Definition
An electronic device with no moving parts that converts direct current (D.C.) from the aircraft battery or generator into alternating current (A.C.) at the voltage and frequency required by certain aircraft instruments and equipment. It uses semiconductor components such as transistors to switch the D.C. supply rapidly, producing an A.C. output — typically 115 volts at 400 hertz for aviation use.
Plain English
A small electronic box that turns the steady D.C. power from the aircraft's battery into the alternating-current power that some instruments need to run. It does this using electronic chips rather than spinning parts.
Context Anchor
Seen in aircraft electrical-system discussions, especially where D.C. aircraft power must supply instruments or equipment that need A.C. power.
Derivation
Solid-state' means the device works through solid semiconductor materials (like silicon chips) rather than moving parts or vacuum tubes. 'Invert' comes from the Latin invertere, meaning 'to turn upside down' — here it captures the idea of flipping one form of electricity (D.C.) into its opposite form (A.C.).
Why Pilots Care
It supplies stable AC power to navigation and communication equipment while avoiding the maintenance and failure risks of older rotary converters.
Analogy
It is like a travel power adapter that changes one kind of electrical power into the kind a device is built to accept.
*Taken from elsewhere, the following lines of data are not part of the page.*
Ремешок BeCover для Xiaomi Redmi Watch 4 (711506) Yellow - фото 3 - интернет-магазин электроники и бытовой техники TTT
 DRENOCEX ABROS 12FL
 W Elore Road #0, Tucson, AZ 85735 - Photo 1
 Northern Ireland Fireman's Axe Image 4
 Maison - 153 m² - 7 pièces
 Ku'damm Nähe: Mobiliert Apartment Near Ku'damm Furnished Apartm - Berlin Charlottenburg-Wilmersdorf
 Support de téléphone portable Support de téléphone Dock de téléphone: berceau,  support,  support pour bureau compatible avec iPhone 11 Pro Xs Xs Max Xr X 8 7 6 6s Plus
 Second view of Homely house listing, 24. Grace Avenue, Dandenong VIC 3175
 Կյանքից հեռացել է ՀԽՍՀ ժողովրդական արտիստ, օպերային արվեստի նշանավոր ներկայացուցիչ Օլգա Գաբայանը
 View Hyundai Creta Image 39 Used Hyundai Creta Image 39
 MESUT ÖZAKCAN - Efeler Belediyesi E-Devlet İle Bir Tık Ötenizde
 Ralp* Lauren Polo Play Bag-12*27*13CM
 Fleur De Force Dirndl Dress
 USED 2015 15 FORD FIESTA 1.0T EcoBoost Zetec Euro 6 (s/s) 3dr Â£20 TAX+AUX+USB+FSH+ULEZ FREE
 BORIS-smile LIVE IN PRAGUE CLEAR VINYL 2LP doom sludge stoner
The adapter does not create unlimited power; it only changes the form of the power being supplied.
Intuition Check
“Solid-state” does not mean the unit is simply physically solid. Here it means the inverter uses electronic parts with no moving mechanical parts to change D.C. power into A.C. power.
Example Sentence 1
When the attitude indicator and heading indicator both failed at the same time, the pilot suspected the solid-state D.C. to A.C. inverter rather than the instruments themselves.
Example Sentence 2
During preflight checks the pilot confirms the solid-state inverter is operating before relying on AC-dependent avionics.